La confusion des genres, c’est le forum « fourre-tout » (qui en général prend le label « forum social ») où se mêlent les mouvement sociaux et les organisations politiques, dans une logique d’élaboration commune… ce qui ne peut être que nuisible à l’autonomie et donc à la dynamique des mouvements sociaux, et donne l’illusion aux organisations politiques d’en être les « représentants » naturels. C’est ce qu’a failli être le « forum social local » de Paris Sud, avant qu’on constate qu’aucun syndicat ni association de lutte n’avait heureusement souhaité s’y associer. L’autonomie du mouvement social suppose en effet l’impossibilité de l’élaboration d’une politique commune entre les mouvements sociaux et les partis politiques, destinés à exercer le pouvoir d’État. C’est le postulat de la Charte d’Amiens de 1906, qui fonde le syndicalisme français, pour assurer l’indépendance des syndicats qui doivent regrouper les travailleuses et les travailleurs au-delà des divisions propres aux partis. C’est aussi une condition nécessaire pour que le mouvement social conserve toute sa capacité d’action par rapport à des partis qui un jour pourraient convoiter voire occuper des postes étatiques.

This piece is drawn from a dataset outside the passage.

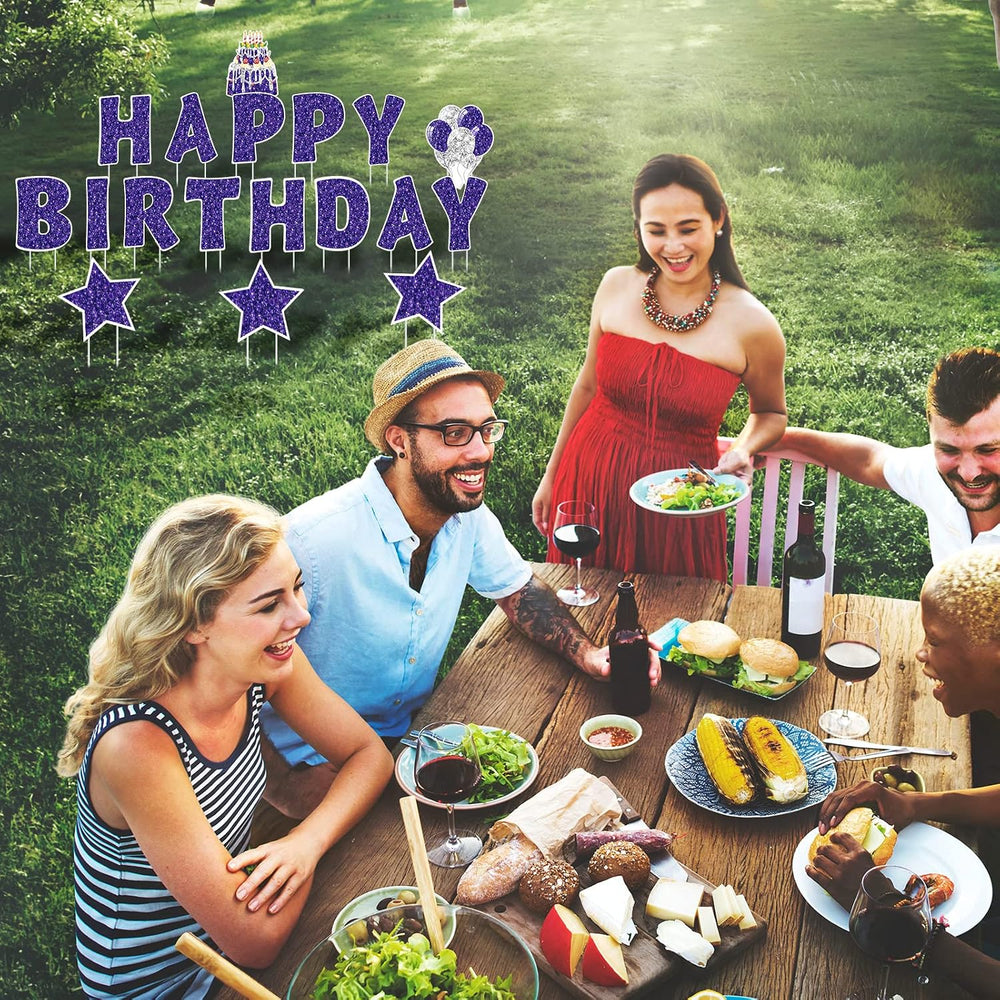 Jetec 18 Pcs Happy Birthday Yard Sign with Stakes and Light, Purple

Nous vivons sans doute une période peu courante de débats tous azimuts à la base des mouvements sociaux et des organisations anticapitalistes. Il faut s’en saisir, en évitant le piège des simulacres et des instrumentalisations que toute démarche large peut éventuellement inspirer, pour en faire émerger le meilleur : convergence des luttes, connaissance et reconnaissance mutuelle, élaboration politique et riches controverses !

Guillaume Davranche (AL Paris-Sud)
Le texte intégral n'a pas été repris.